=== WHAT TO WORK ON ===
Would you retype, word for word, the line with "190x100cm Schwarz-Rot MCW" and each line after it to the end of the entries below, leaving the pictures out?
*** DATA IN THIS EXERCISE ***
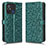 Custodia Portafoglio In Pelle Cover con Supporto C01X per Xiaomi Redmi 12C 4G Verde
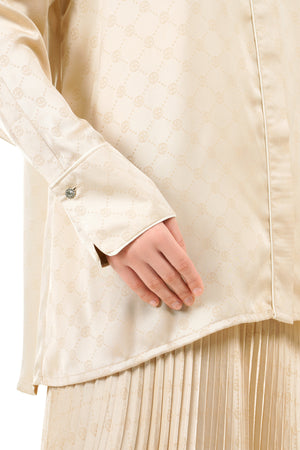 Marilyn Monogram Shirt - Cream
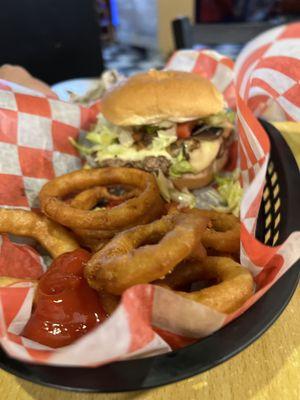 Swiss Mushroom Burger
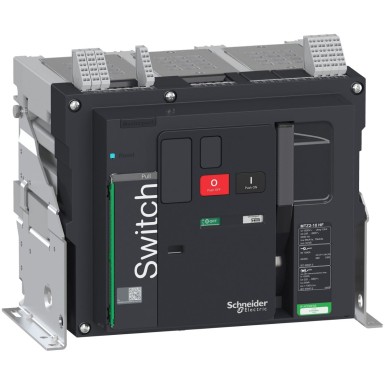 LV848020 - Schneider Electric - Lülituskatkesti, MasterPact MTZ2 10HF, 1000A, 187kA/690VAC 50/60Hz (Icm), 3P, fikseeritud
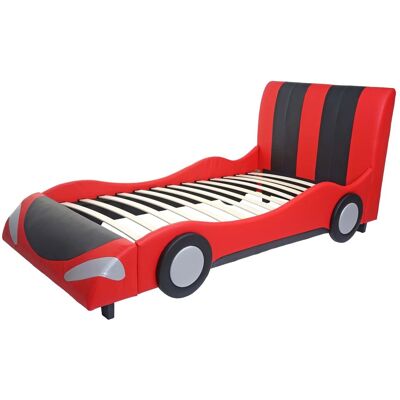 MCW Bett E14 Lattenrost Kunstleder Holz 190x100cm Schwarz-Rot MCW Bett E14 Lattenrost Kunstleder Holz 190x100cm Schwarz-Rot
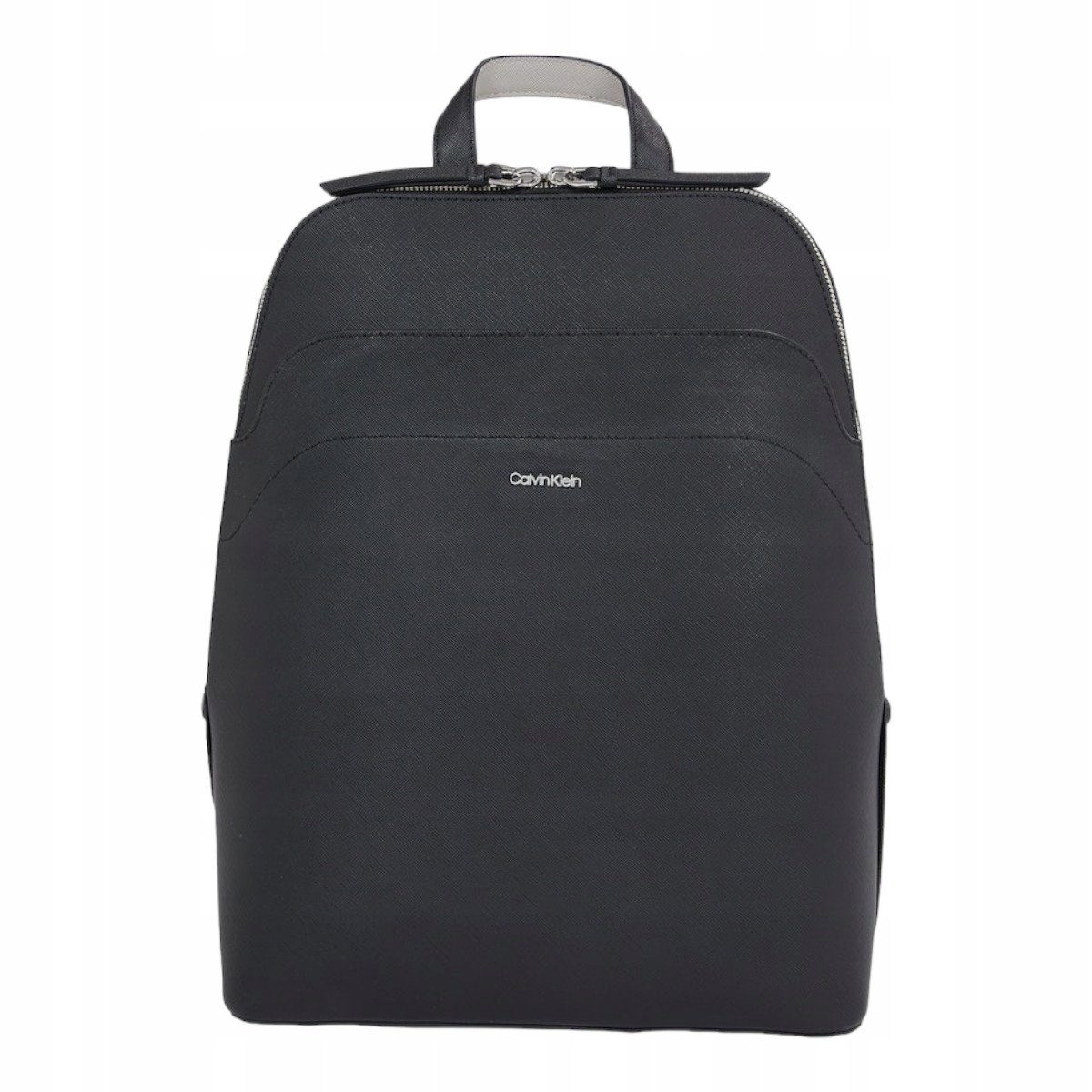 Calvin klein plecak damski business backpack saffiano czarny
*** End of DATA IN THIS EXERCISE ***
=== RESPONSE TO THE TASK ===
 MCW Bett E14 Lattenrost Kunstleder Holz 190x100cm Schwarz-Rot MCW Bett E14 Lattenrost Kunstleder Holz 190x100cm Schwarz-Rot
 Calvin klein plecak damski business backpack saffiano czarny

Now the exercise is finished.